> [Dataset excerpts]:
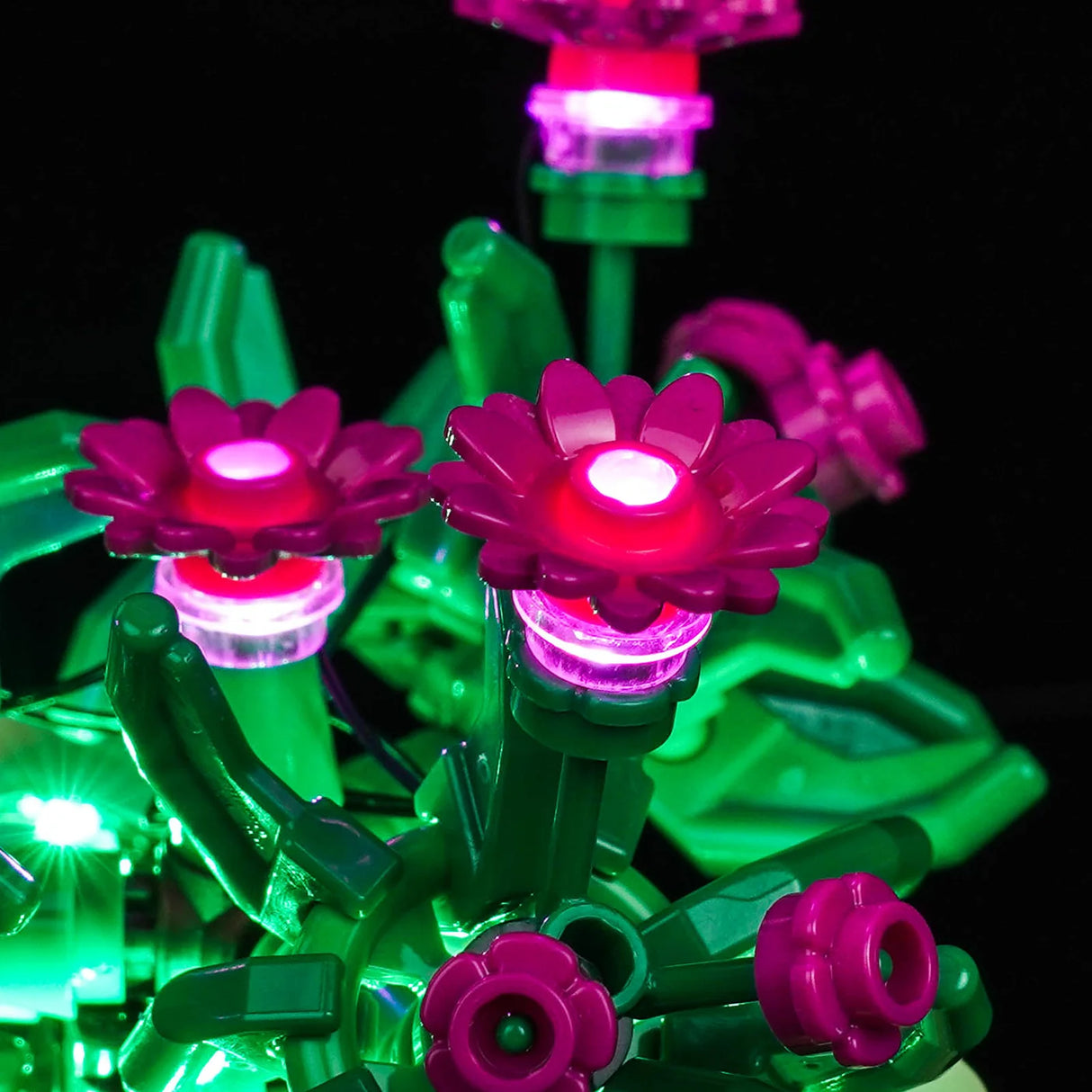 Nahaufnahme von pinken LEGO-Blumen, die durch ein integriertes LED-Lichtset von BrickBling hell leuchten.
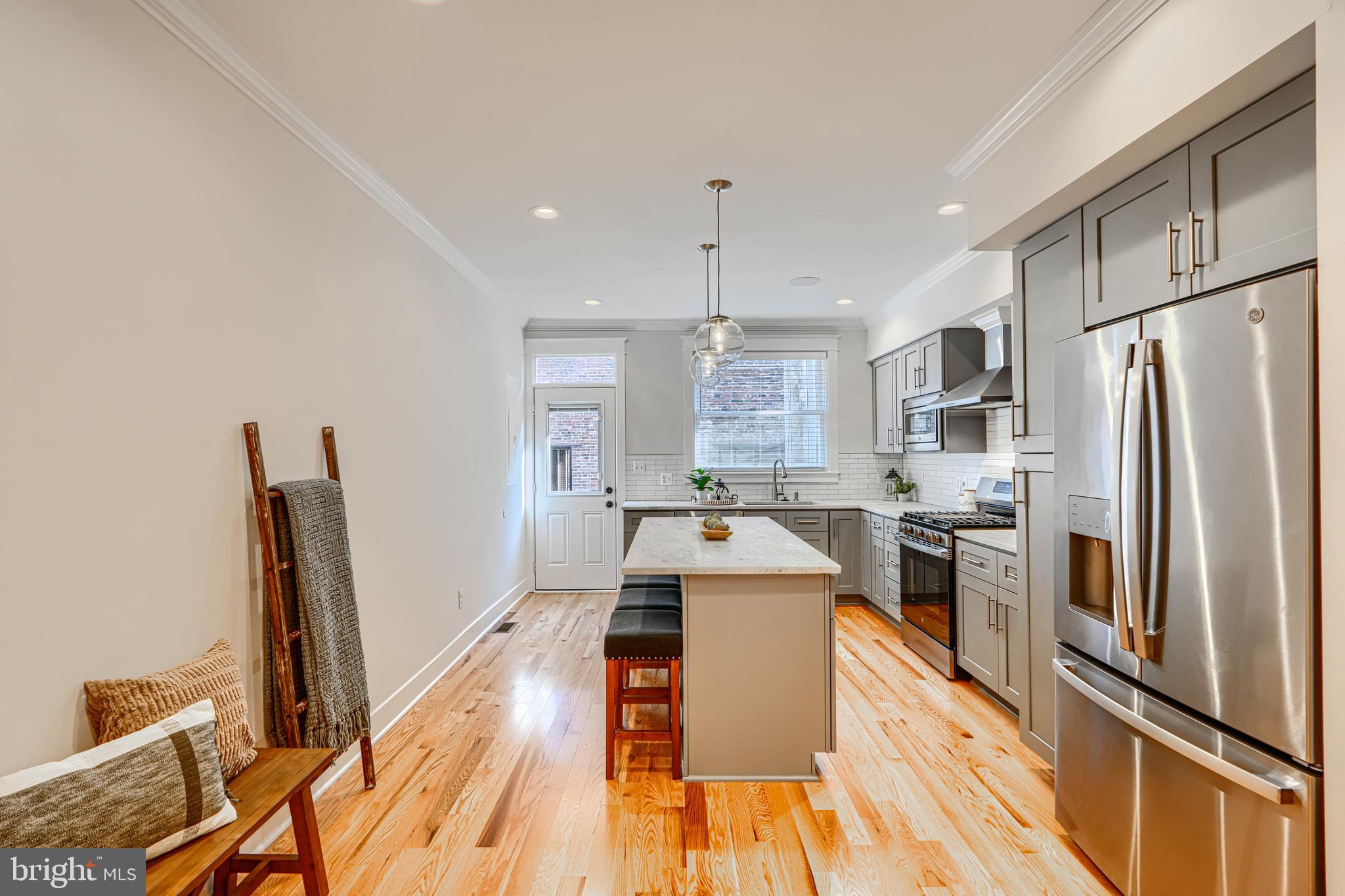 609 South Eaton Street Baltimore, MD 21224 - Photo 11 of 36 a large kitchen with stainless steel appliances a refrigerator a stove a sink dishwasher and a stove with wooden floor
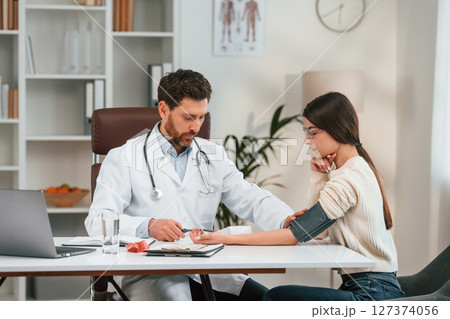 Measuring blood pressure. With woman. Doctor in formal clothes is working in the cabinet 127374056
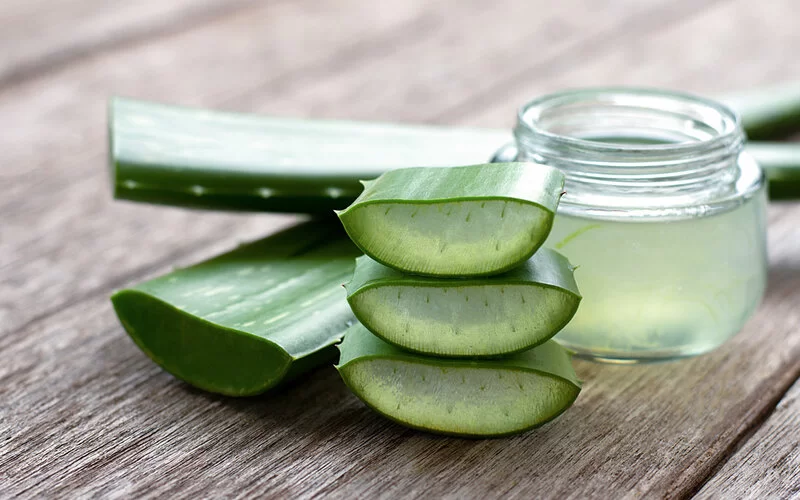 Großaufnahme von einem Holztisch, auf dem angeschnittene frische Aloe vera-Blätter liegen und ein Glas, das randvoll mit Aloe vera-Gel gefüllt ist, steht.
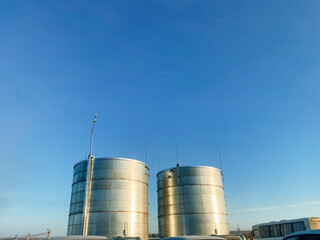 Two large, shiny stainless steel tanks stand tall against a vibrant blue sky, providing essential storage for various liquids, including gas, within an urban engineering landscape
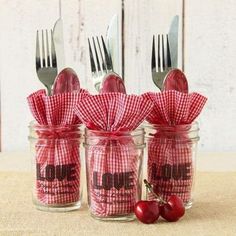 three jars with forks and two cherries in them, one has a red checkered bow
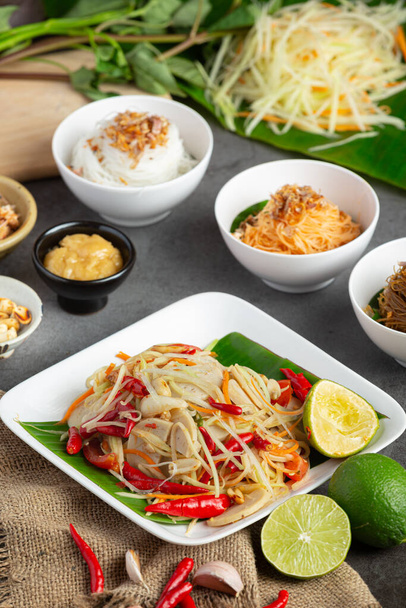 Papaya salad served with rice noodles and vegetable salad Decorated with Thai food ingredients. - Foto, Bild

> [Directions]:
Working from the records above, reproduce exactly the lines from the one with "Two large, shiny" through the last line, without the pictures.

> [Written solution]:
 Two large, shiny stainless steel tanks stand tall against a vibrant blue sky, providing essential storage for various liquids, including gas, within an urban engineering landscape
 three jars with forks and two cherries in them, one has a red checkered bow
 Papaya salad served with rice noodles and vegetable salad Decorated with Thai food ingredients. - Foto, Bild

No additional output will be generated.